UNITED STATES DISTRICT COURT FOR THE DISTRICT OF ARIZONA
Oct 19, 2018
No. CV-17-02766-PHX-JAT (D. Ariz. Oct. 19, 2018)

Opinion

No. CV-17-02766-PHX-JAT

10-19-2018

Lori Andino, Plaintiff, v. Commissioner of Social Security Administration, Defendant.


ORDER

Pending before the Court is Plaintiff Lori Andino's ("Plaintiff") appeal from the Social Security Commissioner's (the "Commissioner") denial of her application for a period of disability and Supplemental Security Income ("SSI") under the Social Security Act. (Doc. 1 at 2).

As a preliminary matter, the Court notes that Plaintiff filed this action pro se. (See Doc. 1). However, in addition to filing motions for extension of time and appointment of counsel on Plaintiff's behalf, (Doc. 18), Plaintiff's mother, Joann Andino, filed Plaintiff's Opening Brief, (Doc. 20). There is no indication that Joann Andino is admitted to the State Bar of Arizona nor admitted to practice before the United States District Court for the District of Arizona. As Joann Andino is not an attorney, she cannot represent Plaintiff's interests in this litigation. See Pope Equity Trust v. U.S., 818 F.2d 696, 697-98 (9th Cir. 1987) ("Although a non-attorney may appear in propria persona in his own behalf, . . . he has no authority to appear as an attorney for others than himself.") (citations omitted). This is true even though Joann Andino has received a power of attorney over Plaintiff's affairs. See Johns v. Cty. of San Diego, 114 F.3d 874, 876 (9th Cir. 1997); Ryan v. Hyden, No. 12-CV-1489-MMA-BLM, 2012 WL 4793116, at *4 (S.D. Cal. Oct. 9, 2012), aff'd, 582 F. App'x 699 (9th Cir. 2014). Accordingly, the Court may dismiss this action for failure to prosecute pursuant to Rule 41(b) of the Federal Rules of Civil Procedure.

It appears that Plaintiff executed a Durable Unlimited Power of Attorney in September 2016 granting her mother, Joann Andino, power to act as her attorney-in-fact. (Doc. 18 at 2-4).

Rule 41(b) provides that "[i]f the plaintiff fails to prosecute or to comply with these rules or a court order, a defendant may move to dismiss the action or any claim against it." Although the language of Rule 41(b) appears to require a motion to dismiss from the defendant, the Supreme Court recognized in Link v. Wabash Railroad Co. that a federal district court has the inherent power to dismiss a case sua sponte for failure to prosecute. Link v. Wabash Railroad Co., 370 U.S. 626, 629-31 (1962). Moreover, in appropriate circumstances, the Court may dismiss an action for failure to prosecute even without notice or hearing. Id. at 633.
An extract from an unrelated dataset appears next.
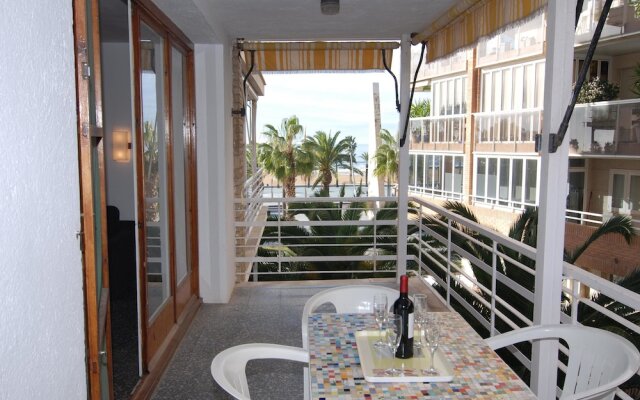 Apartamentos Zeus Alexis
In determining whether Plaintiff's failure to prosecute warrants dismissal of her case, the Court must weigh the following five factors: "(1) the public's interest in expeditious resolution of litigation; (2) the court's need to manage its docket; (3) the risk of prejudice to the defendants; (4) the public policy favoring disposition of cases on their merits; and (5) the availability of less drastic sanctions." Henderson v. Duncan, 779 F.2d 1421, 1423 (9th Cir. 1986) (citation omitted). "The first two of these factors favor the imposition of sanctions in most cases, while the fourth cuts against a default or dismissal sanction. Thus the key factors are prejudice and availability of lesser sanctions." Wanderer v. Johnson, 910 F.2d 652, 656 (9th Cir. 1990).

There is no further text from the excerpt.